> Assignment
When you reproduce these records, keep every word exactly and drop the images.
================================
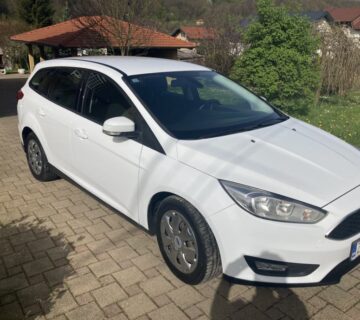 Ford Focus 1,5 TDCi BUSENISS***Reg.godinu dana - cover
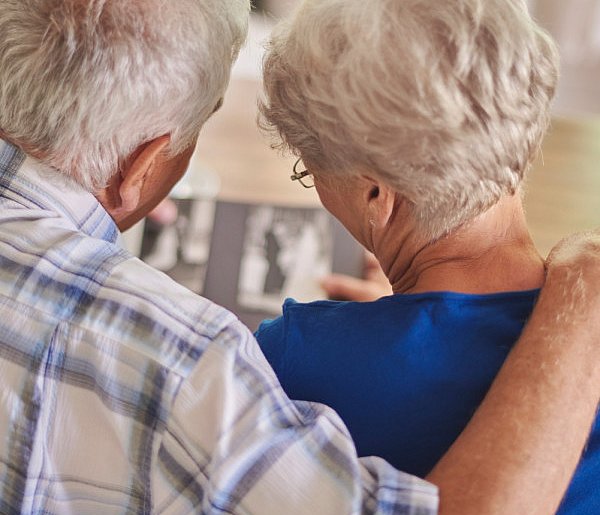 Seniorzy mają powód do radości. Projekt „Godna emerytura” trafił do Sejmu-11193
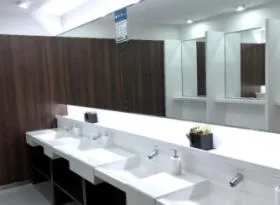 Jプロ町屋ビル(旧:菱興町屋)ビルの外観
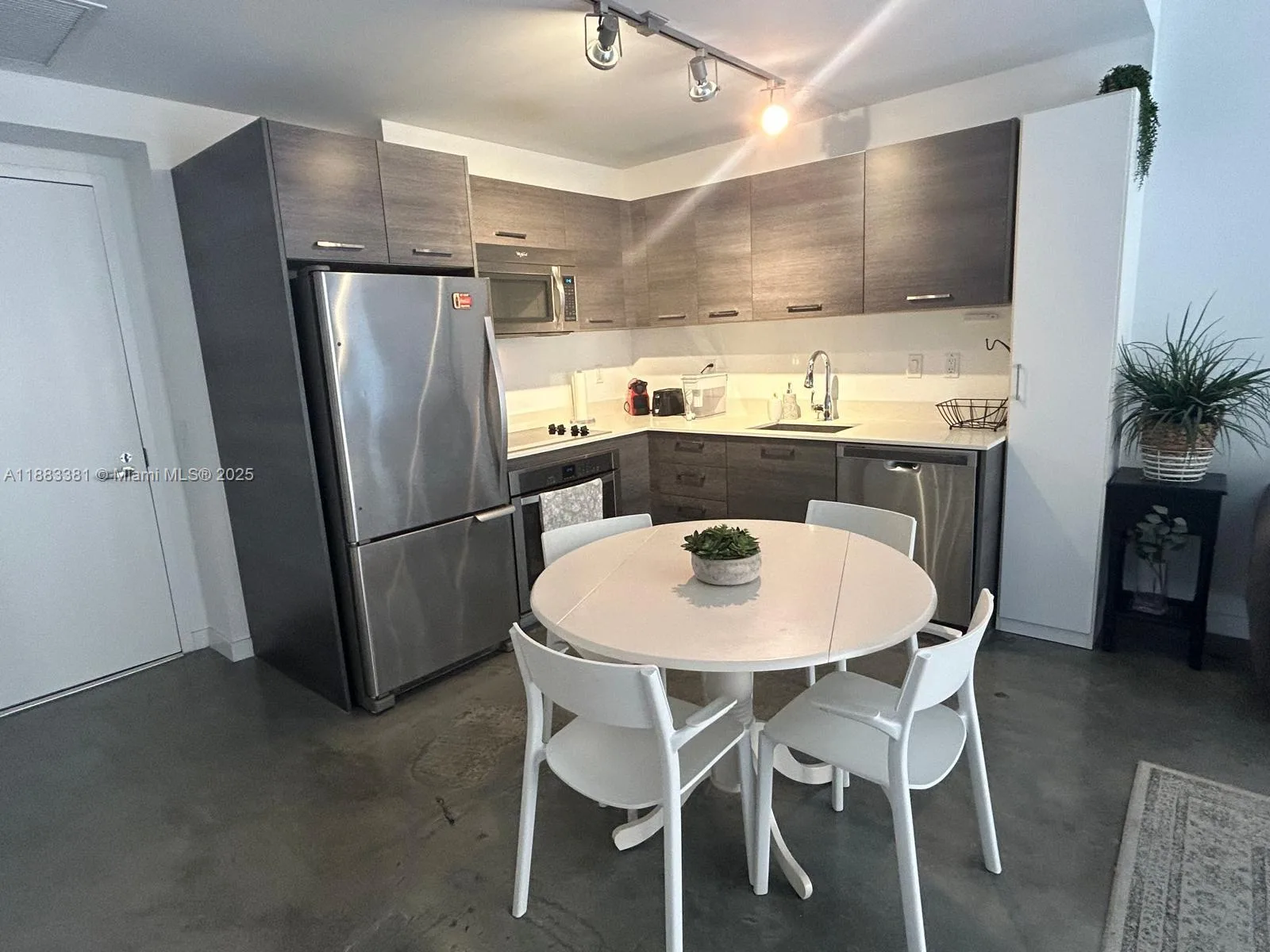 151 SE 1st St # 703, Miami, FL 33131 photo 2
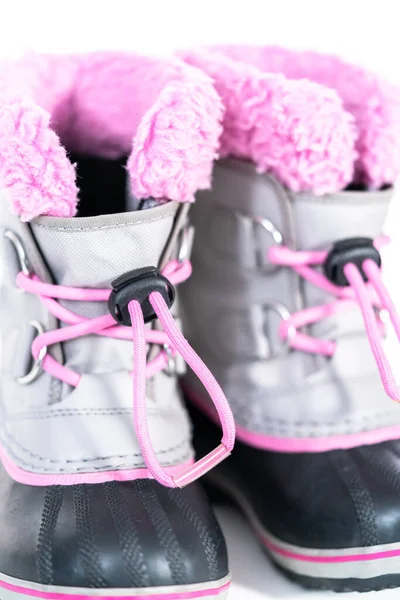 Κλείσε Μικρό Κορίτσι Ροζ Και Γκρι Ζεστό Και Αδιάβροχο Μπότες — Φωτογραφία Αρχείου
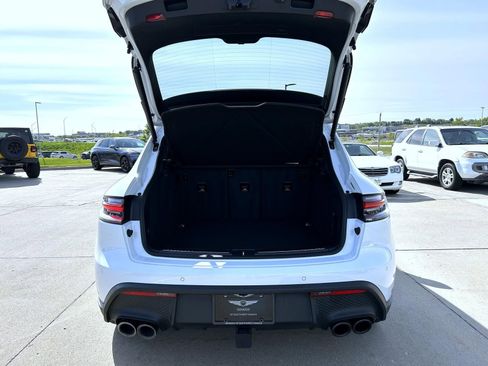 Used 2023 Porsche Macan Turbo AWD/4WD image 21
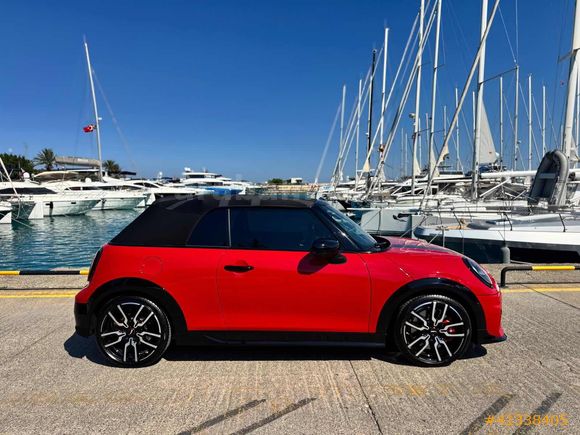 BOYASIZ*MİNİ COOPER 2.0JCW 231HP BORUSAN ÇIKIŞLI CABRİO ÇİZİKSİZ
================================
> Completed task
 Ford Focus 1,5 TDCi BUSENISS***Reg.godinu dana - cover
 Seniorzy mają powód do radości. Projekt „Godna emerytura” trafił do Sejmu-11193
 Jプロ町屋ビル(旧:菱興町屋)ビルの外観
 151 SE 1st St # 703, Miami, FL 33131 photo 2
 Κλείσε Μικρό Κορίτσι Ροζ Και Γκρι Ζεστό Και Αδιάβροχο Μπότες — Φωτογραφία Αρχείου
 Used 2023 Porsche Macan Turbo AWD/4WD image 21
 BOYASIZ*MİNİ COOPER 2.0JCW 231HP BORUSAN ÇIKIŞLI CABRİO ÇİZİKSİZ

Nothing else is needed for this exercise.